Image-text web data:
□ □ □

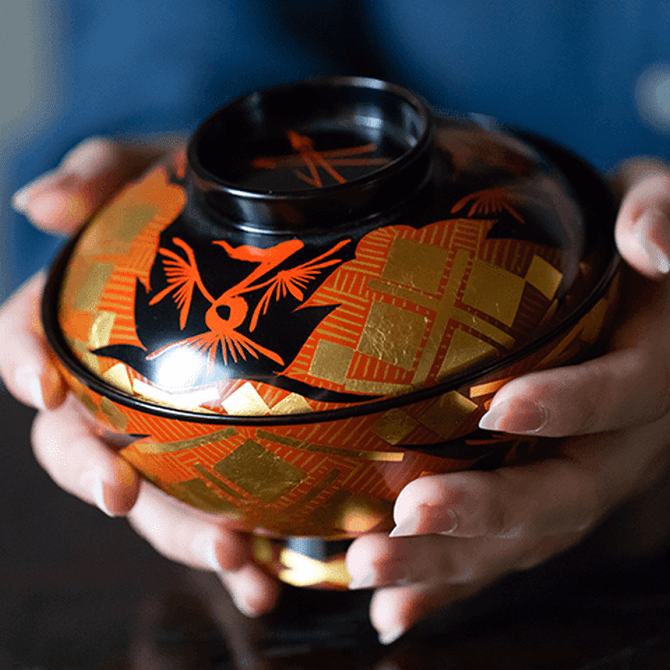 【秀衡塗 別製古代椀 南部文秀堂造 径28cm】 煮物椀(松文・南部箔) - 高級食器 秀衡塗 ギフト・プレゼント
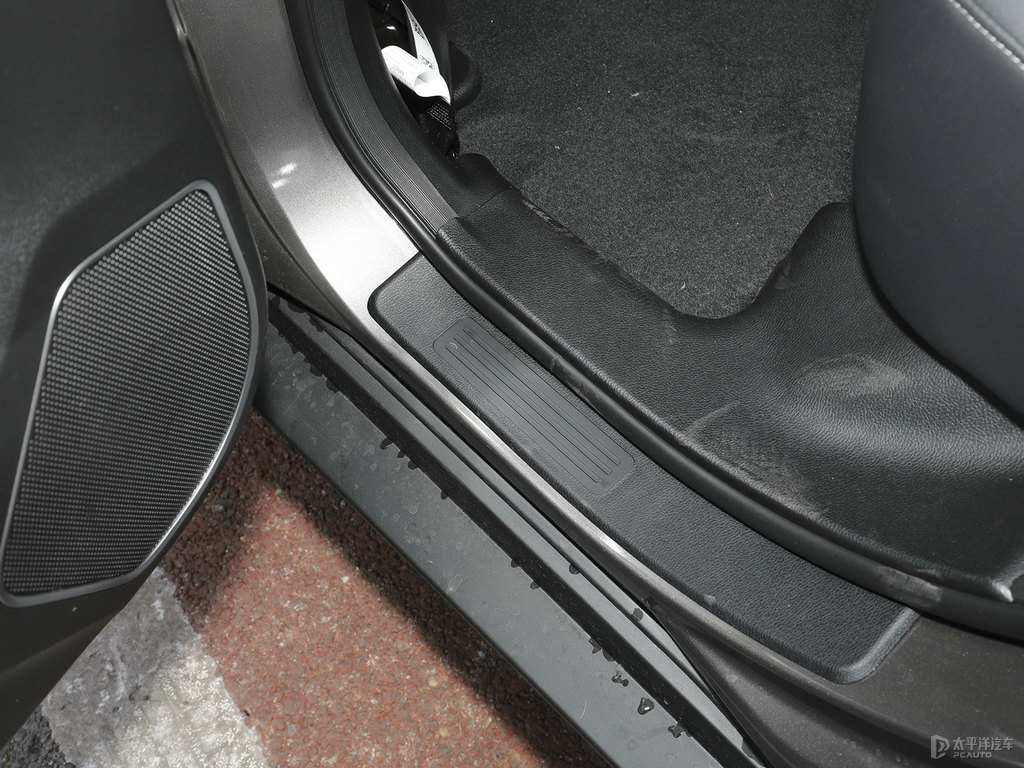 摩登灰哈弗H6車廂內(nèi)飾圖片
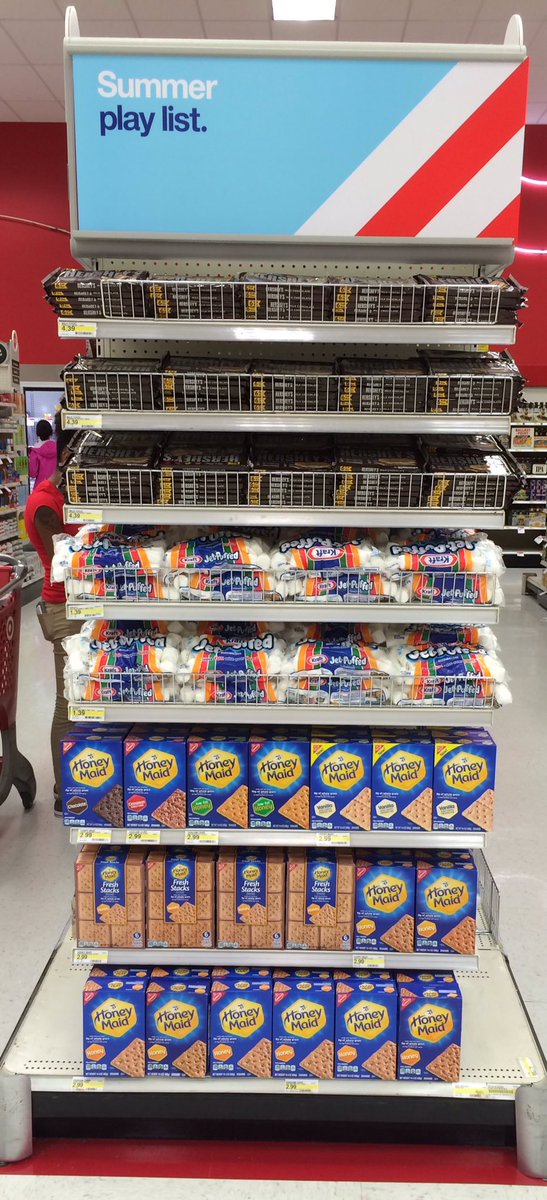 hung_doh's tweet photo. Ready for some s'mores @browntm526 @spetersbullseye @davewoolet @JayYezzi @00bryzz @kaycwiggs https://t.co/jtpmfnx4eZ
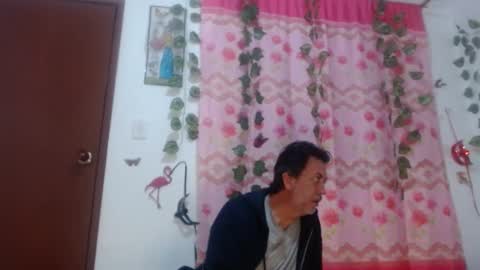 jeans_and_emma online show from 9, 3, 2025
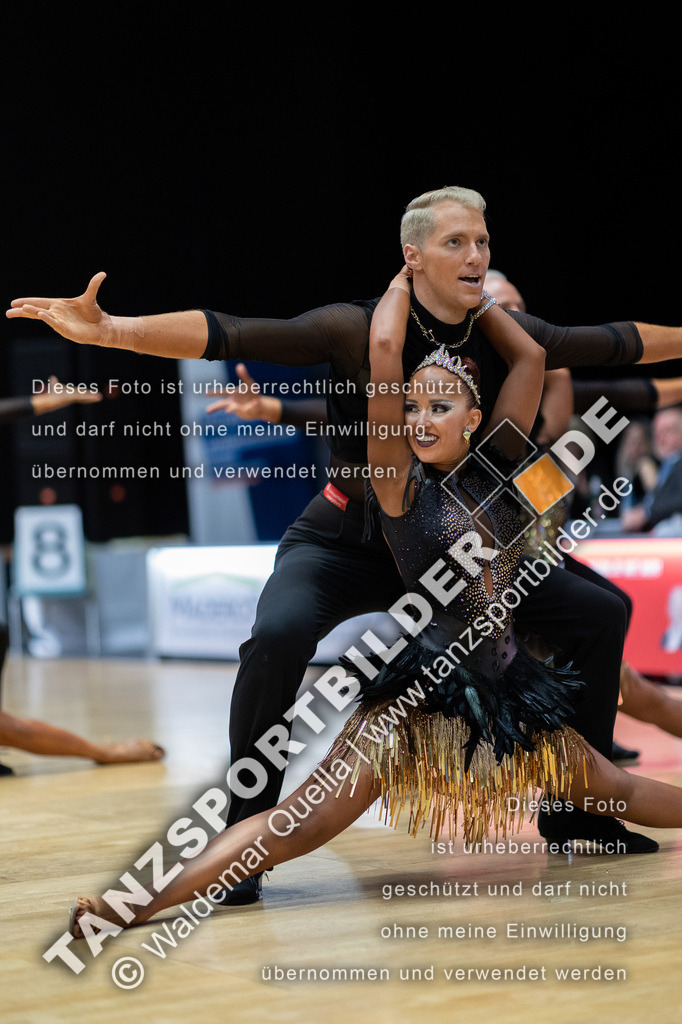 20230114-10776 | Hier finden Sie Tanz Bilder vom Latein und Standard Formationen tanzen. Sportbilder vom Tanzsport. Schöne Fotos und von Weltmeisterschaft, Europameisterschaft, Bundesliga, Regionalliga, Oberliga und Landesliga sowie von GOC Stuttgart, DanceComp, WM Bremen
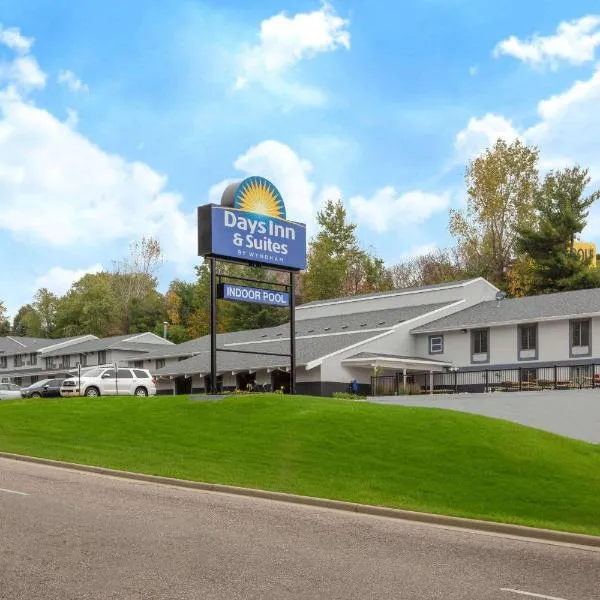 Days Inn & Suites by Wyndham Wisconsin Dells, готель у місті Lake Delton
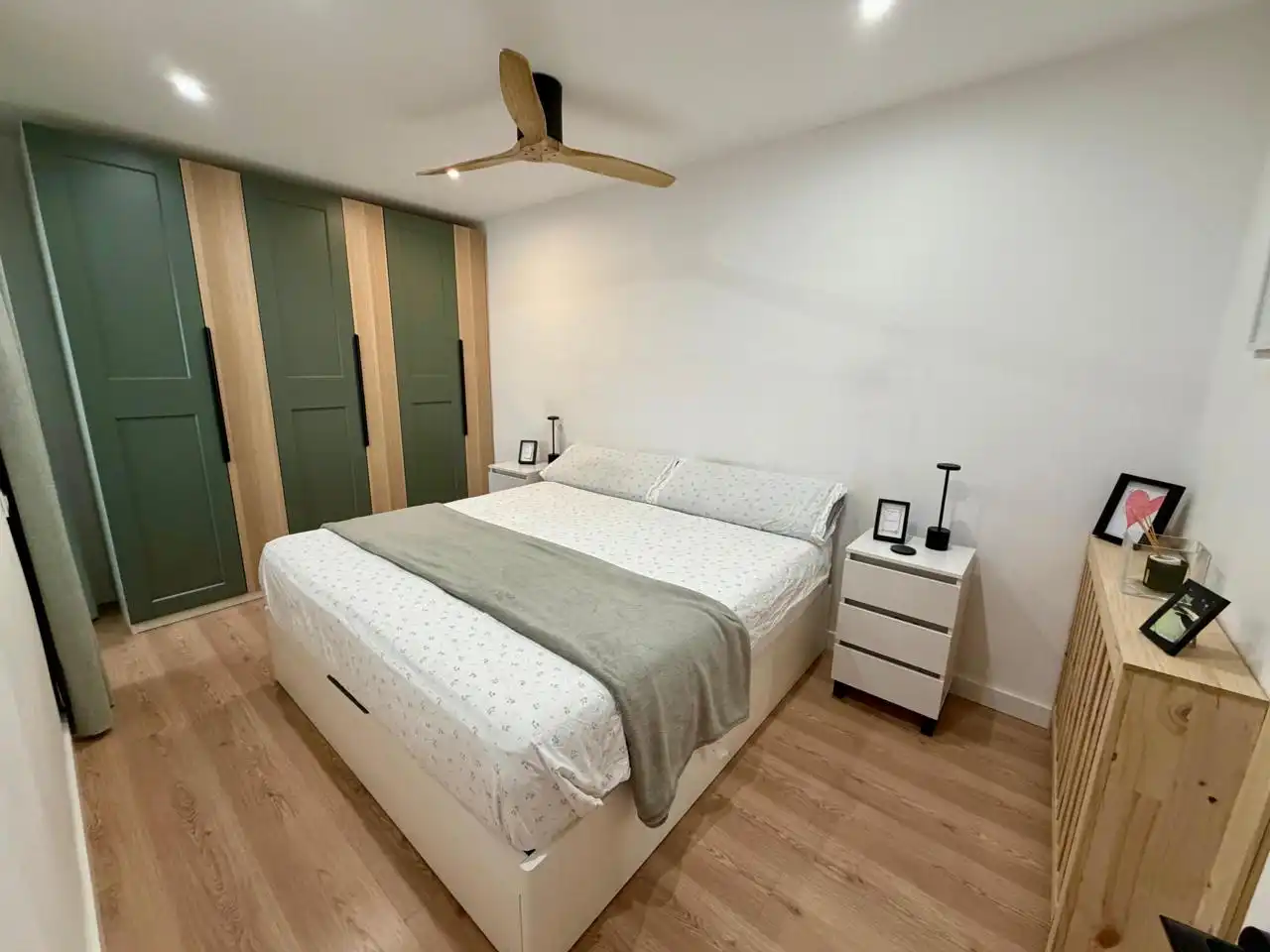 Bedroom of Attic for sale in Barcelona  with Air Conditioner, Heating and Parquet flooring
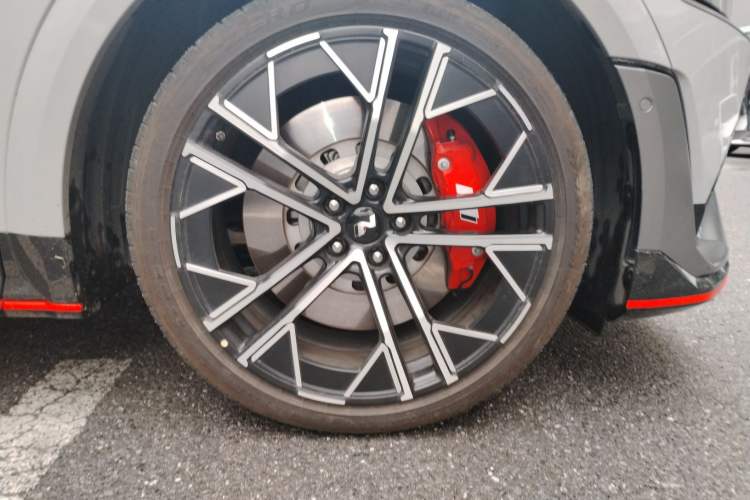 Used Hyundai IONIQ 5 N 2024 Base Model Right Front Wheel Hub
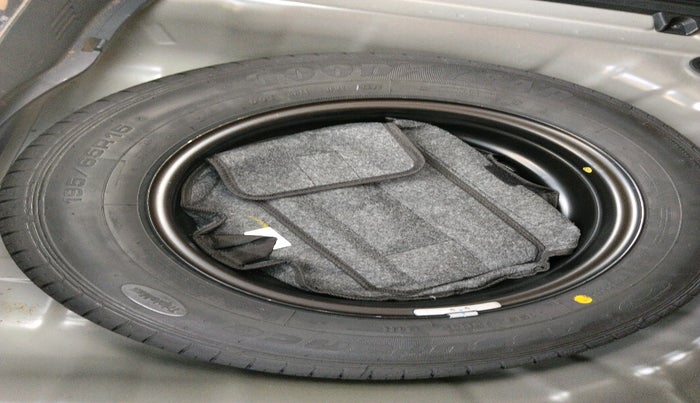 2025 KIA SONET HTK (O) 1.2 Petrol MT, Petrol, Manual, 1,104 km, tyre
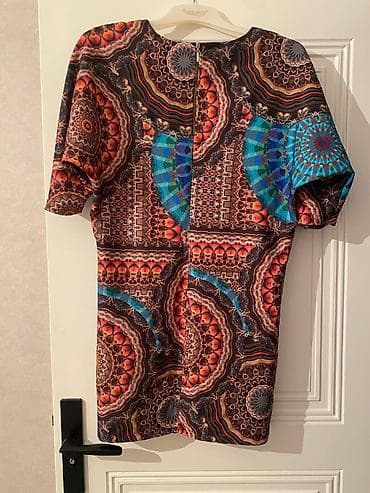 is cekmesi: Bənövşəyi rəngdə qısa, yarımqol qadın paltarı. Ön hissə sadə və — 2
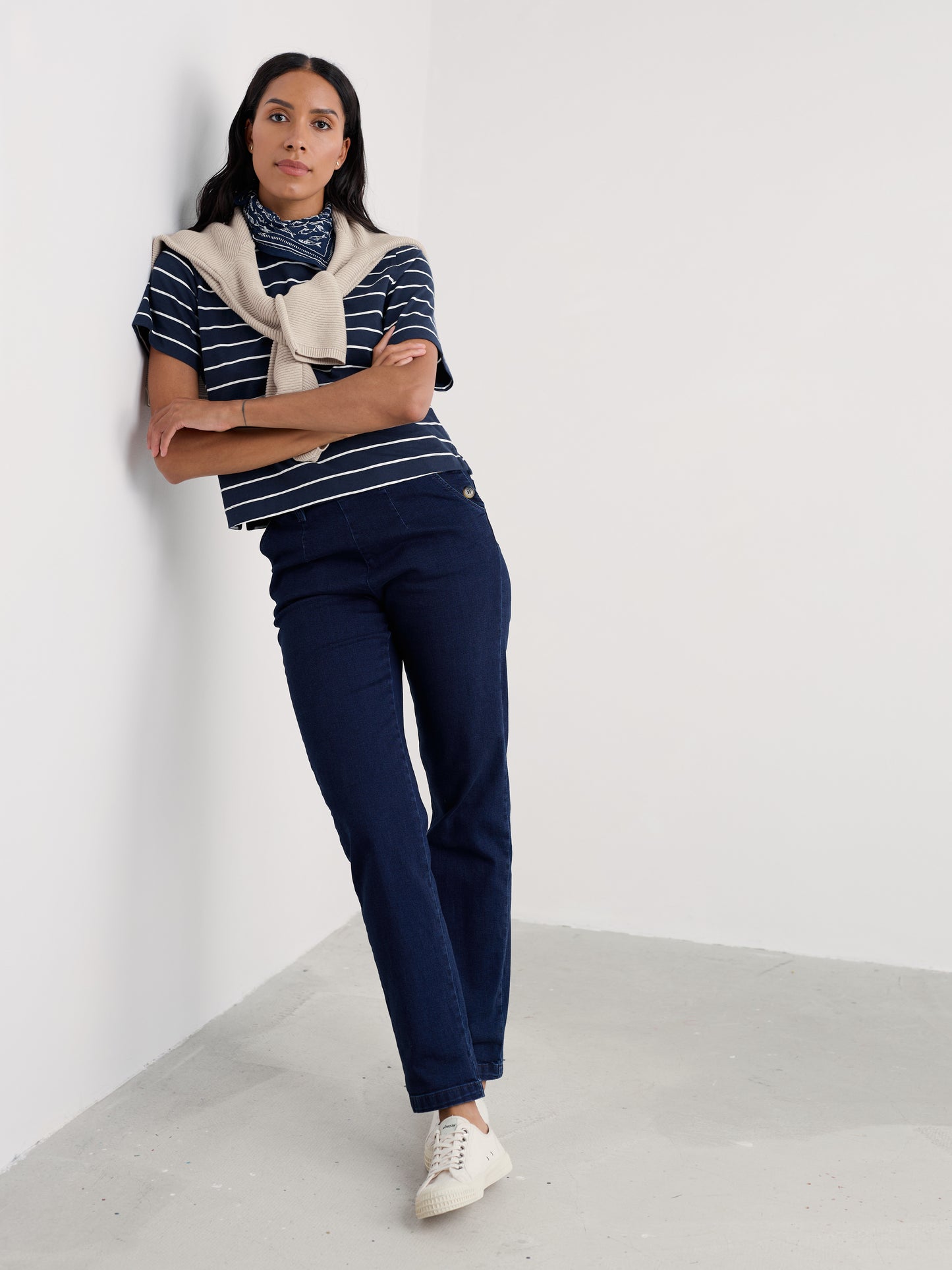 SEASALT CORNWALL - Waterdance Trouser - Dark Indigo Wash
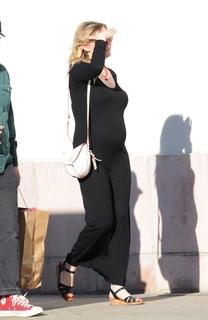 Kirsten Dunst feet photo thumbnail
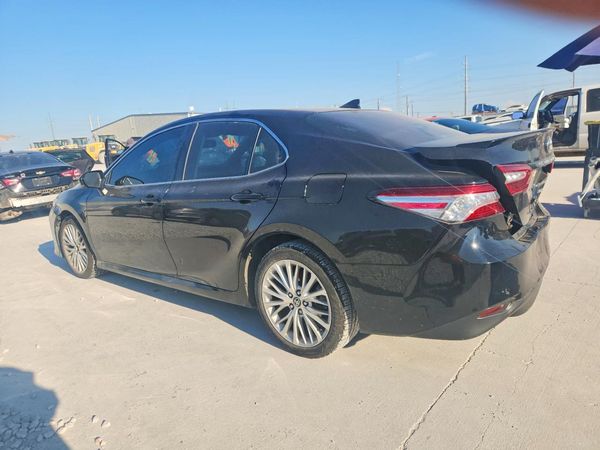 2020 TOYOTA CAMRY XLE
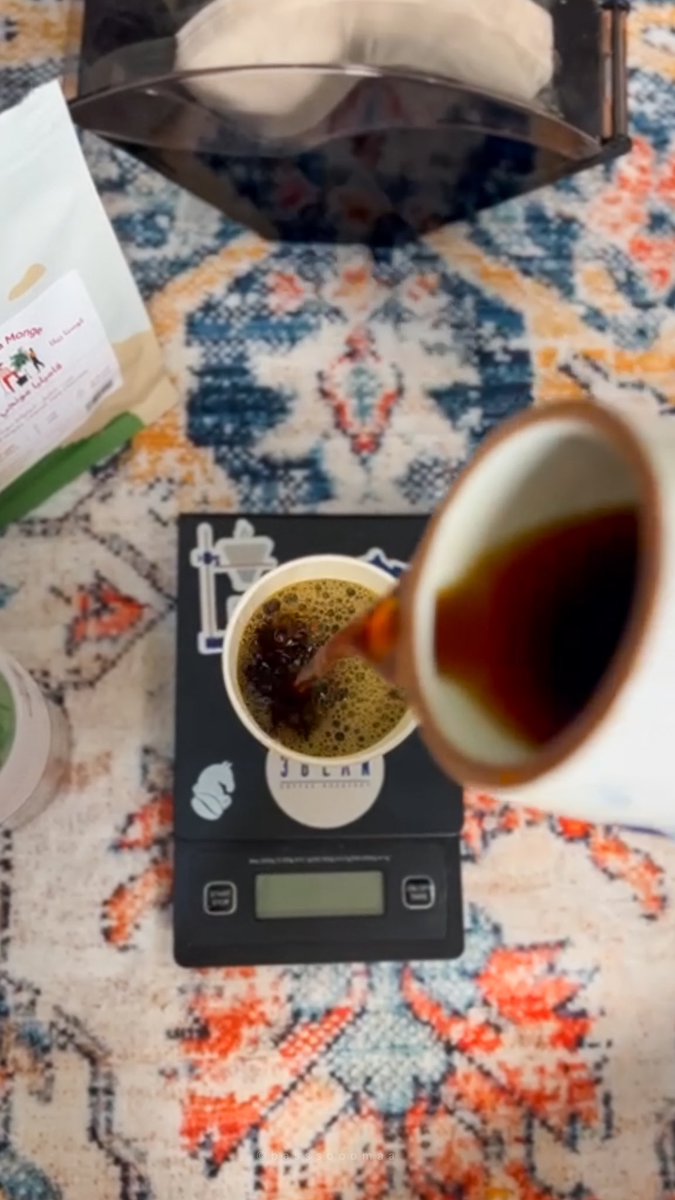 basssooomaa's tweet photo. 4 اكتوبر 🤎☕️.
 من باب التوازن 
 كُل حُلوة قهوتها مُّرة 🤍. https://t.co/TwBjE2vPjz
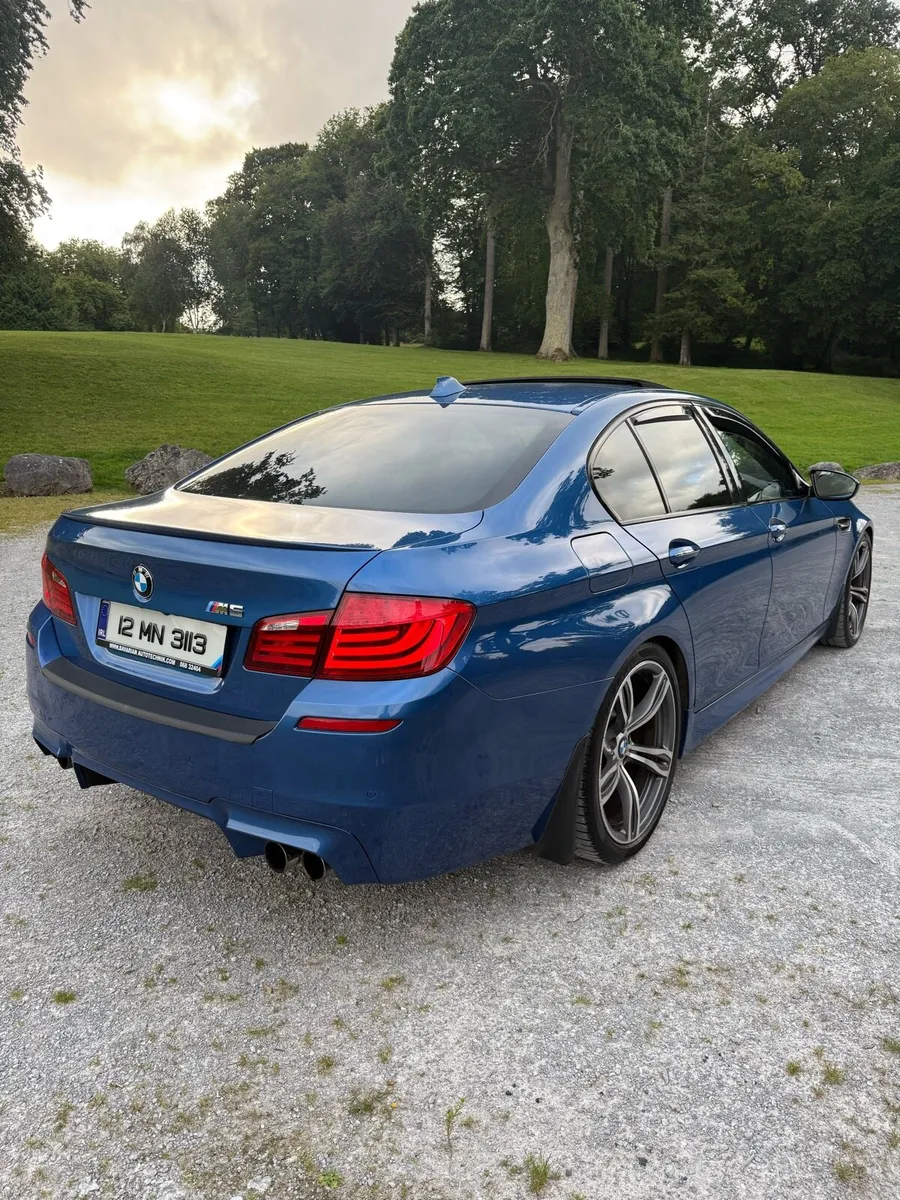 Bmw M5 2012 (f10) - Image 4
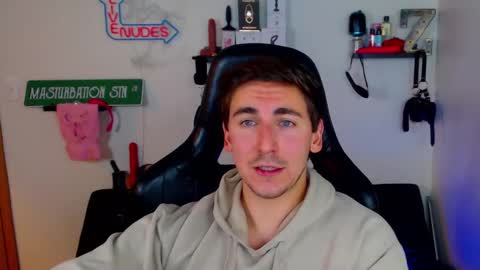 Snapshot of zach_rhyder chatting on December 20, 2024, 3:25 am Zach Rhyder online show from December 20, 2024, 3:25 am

□ □ □

▶ Problem to work on:
Only what runs from the line containing "Bedroom of Attic" through the end of the entries above should be extracted, exactly and without pictures.

▶ Exercise answer:
 Bedroom of Attic for sale in Barcelona  with Air Conditioner, Heating and Parquet flooring
 Used Hyundai IONIQ 5 N 2024 Base Model Right Front Wheel Hub
 2025 KIA SONET HTK (O) 1.2 Petrol MT, Petrol, Manual, 1,104 km, tyre
 is cekmesi: Bənövşəyi rəngdə qısa, yarımqol qadın paltarı. Ön hissə sadə və — 2
 SEASALT CORNWALL - Waterdance Trouser - Dark Indigo Wash
 Kirsten Dunst feet photo thumbnail
 2020 TOYOTA CAMRY XLE
 basssooomaa's tweet photo. 4 اكتوبر 🤎☕️.
 من باب التوازن 
 كُل حُلوة قهوتها مُّرة 🤍. https://t.co/TwBjE2vPjz
 Bmw M5 2012 (f10) - Image 4
 Snapshot of zach_rhyder chatting on December 20, 2024, 3:25 am Zach Rhyder online show from December 20, 2024, 3:25 am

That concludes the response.